The Dark Side of Altcoins
The article "The Dark Side of Altcoins" argues that most cryptocurrency tokens inevitably fail due to a fundamental structural conflict between company equity and token holders.
Most crypto projects are essentially traditional companies with equity-held founders, VC investors, and profit motives, which later issue a token. This creates irreconcilable incentives: equity seeks to capture value (revenue, profit, control) for the company and shareholders, while tokens need value (fees, buybacks, governance) to accrue to the protocol and holders. Equity almost always wins, leading to token value drainage.
The piece highlights Hyperliquid as a rare success because it avoided VC equity financing entirely. Without a board or pressure to deliver value to shareholders, it could direct all economic value to its protocol and token.
Legally, tokens cannot function like stocks without being deemed unregistered securities (if they offer dividends, ownership, etc.), which would trigger severe regulatory crackdowns. The optimal structure is one where the company holds no equity, captures no revenue, and all value flows to token holders via protocol mechanisms, with a DAO governing economic decisions.
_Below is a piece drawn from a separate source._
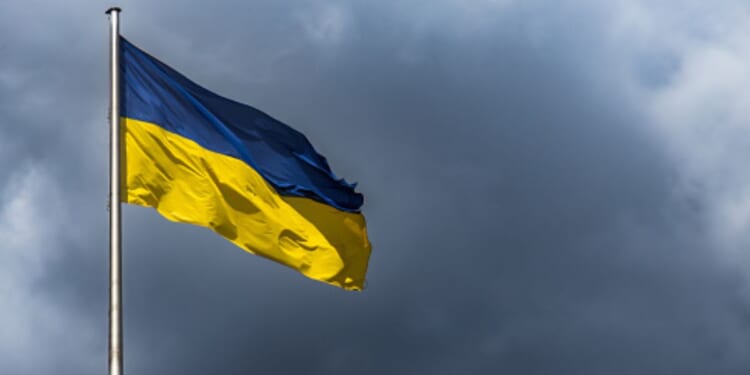Ukranian Flag flies in gloomy skies.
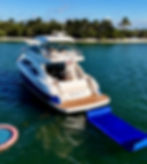 Luxury yacht Summer Girl anchored in tropical water near a palm-lined shore, with blue floating mat and calm sunny mood.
However, the only way to eliminate all conflict is to become a fully decentralized protocol like Bitcoin or Ethereum, with no company, no equity, and neutral, autonomously running infrastructure.
The core issue is structural, not market conditions. Tokens are mathematically destined to fail if the project had VC rounds, private token sales, investor unlock schedules, or allows the company to capture revenue. Success requires value directed to the protocol, no VC equity, aligned founder/tokenholder incentives, and an economically irrelevant company.
The solution is for investors to stop funding poorly designed projects. The future of the industry depends on capital flowing to projects with sound tokenomics, like those pioneered by Hyperliquid, MetaDAO, and Street.